American environmental activist (1952–2011)

Julia "Judy" Belle Thompson Bonds (August 27, 1952 - January 3, 2011) was an organizer and activist from the Appalachian Mountains of West Virginia, United States. Raised in a family of coal miners, she worked from an early age at minimum wage jobs. Bonds was the director of Coal River Mountain Watch (CRMW). She has been called "the godmother of the anti-mountaintop removal movement."

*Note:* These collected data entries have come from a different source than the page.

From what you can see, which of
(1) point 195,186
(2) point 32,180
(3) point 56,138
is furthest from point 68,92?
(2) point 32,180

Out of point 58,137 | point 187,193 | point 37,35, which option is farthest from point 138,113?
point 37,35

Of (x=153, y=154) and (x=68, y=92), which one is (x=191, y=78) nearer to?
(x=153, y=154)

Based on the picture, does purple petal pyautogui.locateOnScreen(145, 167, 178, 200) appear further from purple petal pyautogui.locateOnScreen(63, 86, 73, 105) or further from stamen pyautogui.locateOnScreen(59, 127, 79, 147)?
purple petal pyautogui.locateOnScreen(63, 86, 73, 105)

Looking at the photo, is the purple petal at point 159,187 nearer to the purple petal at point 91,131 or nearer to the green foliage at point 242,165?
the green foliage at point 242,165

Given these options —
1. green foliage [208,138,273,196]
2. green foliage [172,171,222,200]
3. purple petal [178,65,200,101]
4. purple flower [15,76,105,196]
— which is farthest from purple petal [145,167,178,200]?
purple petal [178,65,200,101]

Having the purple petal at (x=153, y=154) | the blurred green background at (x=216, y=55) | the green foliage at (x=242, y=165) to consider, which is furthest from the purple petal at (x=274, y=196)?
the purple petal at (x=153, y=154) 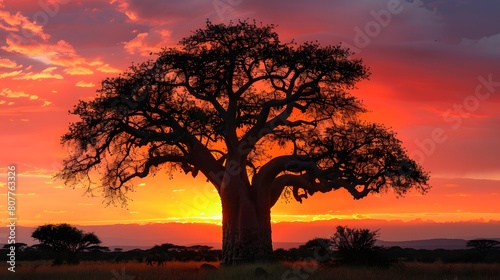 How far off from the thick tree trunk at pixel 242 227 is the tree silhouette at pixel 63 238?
21.8 metres

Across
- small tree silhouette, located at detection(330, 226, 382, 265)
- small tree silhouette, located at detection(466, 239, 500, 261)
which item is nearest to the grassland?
small tree silhouette, located at detection(330, 226, 382, 265)

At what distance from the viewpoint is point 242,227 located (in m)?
32.6

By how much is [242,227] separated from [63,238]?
76.4 ft

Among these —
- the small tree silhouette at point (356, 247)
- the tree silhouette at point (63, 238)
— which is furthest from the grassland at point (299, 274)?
the tree silhouette at point (63, 238)

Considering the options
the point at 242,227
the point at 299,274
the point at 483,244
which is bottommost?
the point at 299,274

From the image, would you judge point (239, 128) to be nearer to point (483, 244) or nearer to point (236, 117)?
point (236, 117)

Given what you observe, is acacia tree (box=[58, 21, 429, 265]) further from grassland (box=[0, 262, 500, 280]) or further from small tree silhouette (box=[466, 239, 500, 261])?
small tree silhouette (box=[466, 239, 500, 261])

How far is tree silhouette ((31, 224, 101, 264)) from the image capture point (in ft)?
169

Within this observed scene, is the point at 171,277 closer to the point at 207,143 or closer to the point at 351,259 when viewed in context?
the point at 351,259

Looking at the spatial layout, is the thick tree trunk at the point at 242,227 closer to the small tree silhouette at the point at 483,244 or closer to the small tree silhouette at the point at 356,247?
the small tree silhouette at the point at 356,247

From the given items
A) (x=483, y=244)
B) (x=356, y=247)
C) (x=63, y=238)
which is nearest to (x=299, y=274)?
(x=356, y=247)

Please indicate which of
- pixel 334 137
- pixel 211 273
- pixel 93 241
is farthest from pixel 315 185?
pixel 93 241

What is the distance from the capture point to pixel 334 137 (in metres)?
34.0

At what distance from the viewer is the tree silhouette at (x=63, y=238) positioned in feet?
169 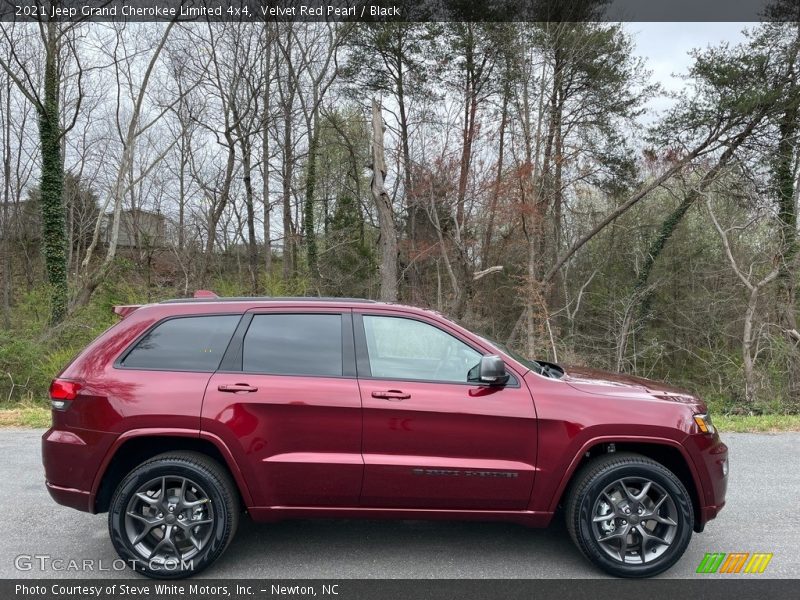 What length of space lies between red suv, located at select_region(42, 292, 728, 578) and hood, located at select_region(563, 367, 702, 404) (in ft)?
0.16

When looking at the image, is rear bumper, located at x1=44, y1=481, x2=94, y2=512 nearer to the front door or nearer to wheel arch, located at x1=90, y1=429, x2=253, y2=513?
wheel arch, located at x1=90, y1=429, x2=253, y2=513

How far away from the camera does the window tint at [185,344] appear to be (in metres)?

==Environmental activism==
Much of her organizing activity focused on the role of the mine operator Massey Energy of Richmond, Virginia and the devastation in Coal River Valley's Marfork Hollow as well as other communities in Appalachia. Bonds testified against the company at regulatory hearings, filed lawsuits against surface mining and led protests against Massey. By 2003, she had led the CRMW into a partnership with the United Mine Workers Union to halt mining companies' dangerous use of overweight coal trucks and to convince the state's mining oversight agency to better protect valley communities from mine blasting. In 2009, she brought in actress Daryl Hannah and NASA scientist James Hansen to protest the proximity of a Massey coal slurry dam and storage silo in the vicinity of a West Virginia elementary school. Coal River Mountain Watch, the Sierra Club and other groups filed a lawsuit in April 2010 accusing Massey Energy of violating the U.S. Clean Water Act.

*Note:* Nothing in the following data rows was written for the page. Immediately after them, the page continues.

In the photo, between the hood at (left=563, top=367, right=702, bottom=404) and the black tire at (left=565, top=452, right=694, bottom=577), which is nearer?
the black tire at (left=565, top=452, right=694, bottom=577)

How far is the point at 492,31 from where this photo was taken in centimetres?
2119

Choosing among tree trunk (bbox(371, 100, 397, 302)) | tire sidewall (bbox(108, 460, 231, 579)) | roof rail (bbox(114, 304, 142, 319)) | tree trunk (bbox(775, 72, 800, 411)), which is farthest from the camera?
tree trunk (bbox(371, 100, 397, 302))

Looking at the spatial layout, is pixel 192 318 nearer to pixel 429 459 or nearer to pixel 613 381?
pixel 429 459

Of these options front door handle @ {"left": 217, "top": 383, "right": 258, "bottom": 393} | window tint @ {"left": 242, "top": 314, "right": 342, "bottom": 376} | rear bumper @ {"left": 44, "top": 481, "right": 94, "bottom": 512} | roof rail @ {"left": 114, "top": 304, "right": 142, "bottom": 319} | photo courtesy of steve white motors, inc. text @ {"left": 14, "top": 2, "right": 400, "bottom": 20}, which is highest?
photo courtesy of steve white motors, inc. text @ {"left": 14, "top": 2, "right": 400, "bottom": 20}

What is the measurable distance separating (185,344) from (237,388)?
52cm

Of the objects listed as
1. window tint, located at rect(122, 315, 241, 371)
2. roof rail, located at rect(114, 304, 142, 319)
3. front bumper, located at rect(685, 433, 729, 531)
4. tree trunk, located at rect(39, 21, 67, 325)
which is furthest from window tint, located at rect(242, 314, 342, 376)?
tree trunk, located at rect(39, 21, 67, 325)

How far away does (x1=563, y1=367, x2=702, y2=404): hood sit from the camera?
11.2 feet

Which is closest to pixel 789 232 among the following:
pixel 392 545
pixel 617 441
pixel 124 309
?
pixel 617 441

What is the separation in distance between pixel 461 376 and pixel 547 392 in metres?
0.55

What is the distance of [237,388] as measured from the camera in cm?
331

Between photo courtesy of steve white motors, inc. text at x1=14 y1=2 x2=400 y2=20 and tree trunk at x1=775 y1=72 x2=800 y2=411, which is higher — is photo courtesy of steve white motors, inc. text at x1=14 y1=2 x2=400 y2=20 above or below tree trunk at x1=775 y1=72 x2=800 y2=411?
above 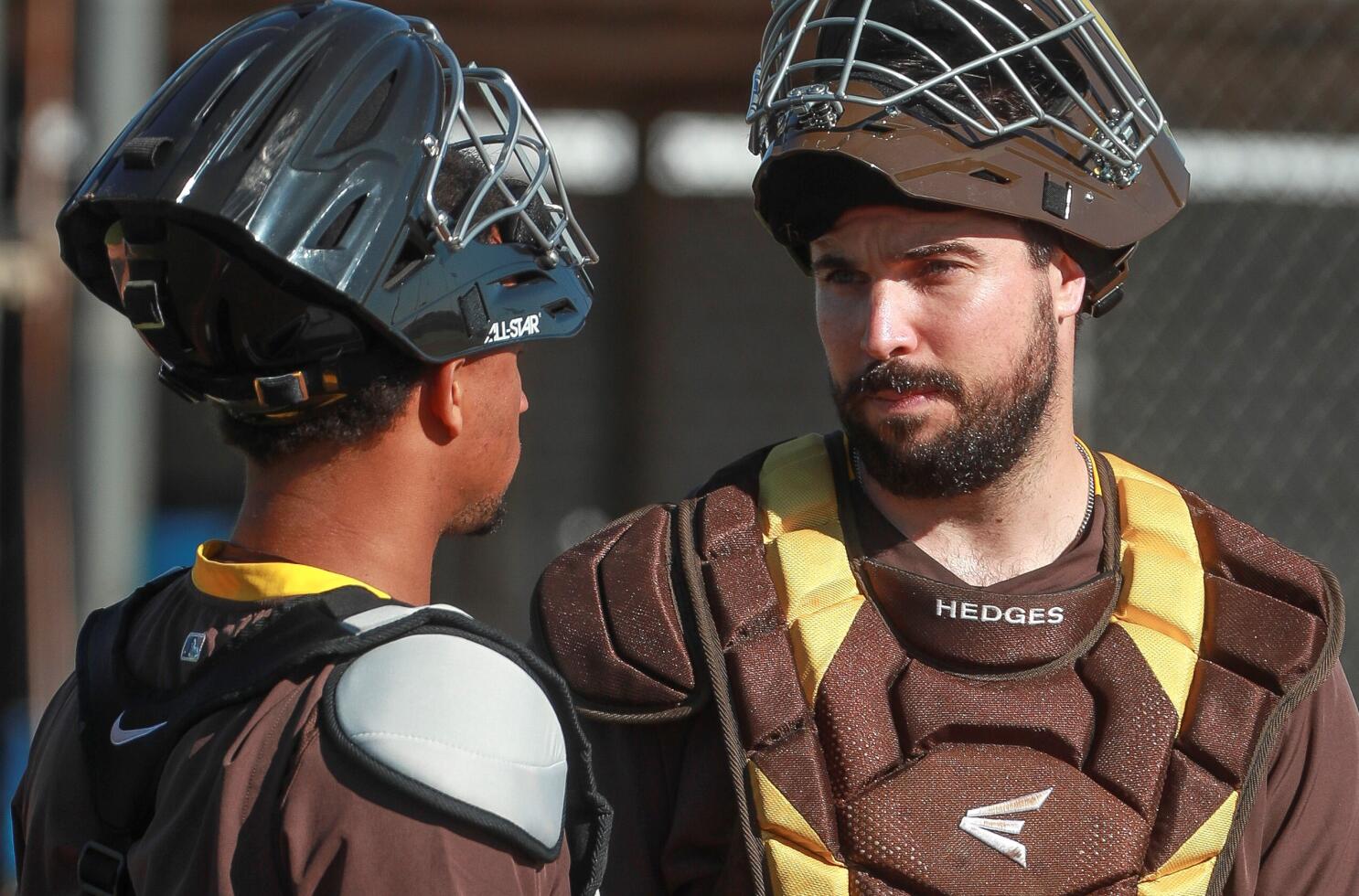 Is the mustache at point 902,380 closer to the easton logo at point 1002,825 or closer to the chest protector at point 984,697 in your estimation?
the chest protector at point 984,697

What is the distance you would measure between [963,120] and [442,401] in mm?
867

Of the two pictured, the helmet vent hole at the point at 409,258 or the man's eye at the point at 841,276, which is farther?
the man's eye at the point at 841,276

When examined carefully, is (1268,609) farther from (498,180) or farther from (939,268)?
(498,180)

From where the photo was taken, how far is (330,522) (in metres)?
1.41

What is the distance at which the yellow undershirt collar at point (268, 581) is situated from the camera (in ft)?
4.44

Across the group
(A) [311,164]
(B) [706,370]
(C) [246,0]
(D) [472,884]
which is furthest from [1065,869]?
(B) [706,370]

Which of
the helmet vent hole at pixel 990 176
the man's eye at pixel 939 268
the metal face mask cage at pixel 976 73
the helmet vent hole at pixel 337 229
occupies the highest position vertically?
the metal face mask cage at pixel 976 73

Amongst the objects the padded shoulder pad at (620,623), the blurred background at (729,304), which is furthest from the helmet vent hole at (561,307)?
the blurred background at (729,304)

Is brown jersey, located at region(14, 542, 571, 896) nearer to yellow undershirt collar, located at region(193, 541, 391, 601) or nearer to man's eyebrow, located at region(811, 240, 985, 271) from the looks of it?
yellow undershirt collar, located at region(193, 541, 391, 601)

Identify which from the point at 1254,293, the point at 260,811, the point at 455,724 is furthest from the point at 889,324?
the point at 1254,293

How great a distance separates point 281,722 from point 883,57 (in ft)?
4.25

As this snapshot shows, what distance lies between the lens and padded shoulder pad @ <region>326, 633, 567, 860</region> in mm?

For years, she dreamed of a "thousand hillbilly march" in Washington, DC. In September 2010, that dream became a reality as thousands marched on the White House for "Appalachia Rising"', a mass movement to persuade US Congress to halt to the issuance of valley fill and other types of permits that allow companies to completely remove a mountain top in the search for coal. After sitting in at the offices of the Army Corps of Engineers, blockading the EPA and PNC Bank, an unprecedented number of about 100 protesters were arrested at the White House.

Vernon Haltom, co-director of the Coal River Mountain Watch, wrote about Bond's passion for environmental justice in Appalachia:

Judy endured much personal suffering for her leadership. While people of lesser courage would candy-coat their words or simply shut up and sit down, Judy called it as she saw it. She endured physical assault, verbal abuse, and death threats because she stood up for justice for her community.

Bonds died of cancer on January 3, 2011, at the age of 58.

==Awards==
She was awarded the Goldman Environmental Prize in 2003, for leading the fight against the mining practice called mountaintop removal mining in the Appalachian mountain range. In an interview after receiving the award, Bonds told how she relies on the teachings of her mother, her religious convictions (from both her Southern Baptist and her Cherokee backgrounds) and from the writings of Martin Luther King Jr. and Mahatma Gandhi:

My sense of justice and outrage came from my mother. ... We are here to steward this land ... I know what I'm doing is right. They can call me whatever they want. I'm not stopping.